Avis :
Qu’il s’agisse de la scène pagan ou néofolk, les courants musicaux issus d’époques reculées marquent un regain d’intérêt auprès des amateurs de musique et du grand public. Est-ce dû à l’engouement porté par la série Vikings ? À moins que l’on soit à la recherche d’une authenticité dans les us et coutumes d’autrefois ? Dans une société en perte de repères et de valeurs, l’idée offre une symbolique plus fascinante à appréhender qu’un « simple » succès télévisé. Toujours est-il que la création de groupes s’inscrivant dans cette mouvance tend à se multiplier. Et les contrées françaises n’échappent pas au phénomène avec Skáld, une jeune formation qui voit le jour en 2018 et dont Le Chant des Vikings constitue leur premier effort.

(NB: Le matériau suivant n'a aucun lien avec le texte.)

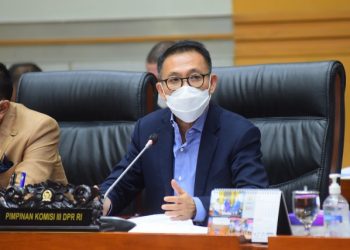 Herman Hery Desak Penegak Hukum Tindak Tegas Penjual yang Mainkan Harga Oksigen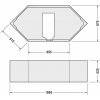 Duravit D-Code 790477000000000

Avec un titre aussi évocateur, la marge d’interprétation ne laisse place à aucun doute quant à la teneur de l’album. Au vu d’une incursion tardive, il est légitime de s’interroger sur l’aspect opportuniste du projet. Certes, l’existence d’un groupe de cet acabit sur la scène française est à saluer, ne serait-ce que pour marquer le contraste avec une production de masse qui fait de la médiocrité son porte-étendard. Cela vaut autant pour les thématiques abordées (l’amour et la mort pour la majorité d’entre elles) que pour des reprises méphitiques et mal inspirées de classiques. Avec Skáld, il y a de quoi se montrer perplexes quant aux véritables intentions qui se dissimulent derrière cette nouvelle interprétation de l’héritage musical scandinave.

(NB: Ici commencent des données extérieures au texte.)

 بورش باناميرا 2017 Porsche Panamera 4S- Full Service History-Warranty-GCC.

Il est vrai que les membres du groupe ne cachent pas leur passion pour la culture et les croyances du Nord. On a d’ailleurs droit à un répertoire assez vaste qui trouve sa source dans l’Edda poétique. Afin de parfaire l’ambiance, l’usage de vieux instruments à cordes et à percussion est prépondérant pour procurer un accompagnement musical bien ancré dans son sujet, mais qui, à certains égards, manquent parfois de technique, à tout le moins de profondeur dans l’évolution des harmonies. Ici, l’aspect répétitif de certaines mélodies ne donne pas vraiment d’échos à l’interprétation des textes. De même, on ne peut parler de complémentarité avec les chants, tour à tour gutturaux ou cristallins.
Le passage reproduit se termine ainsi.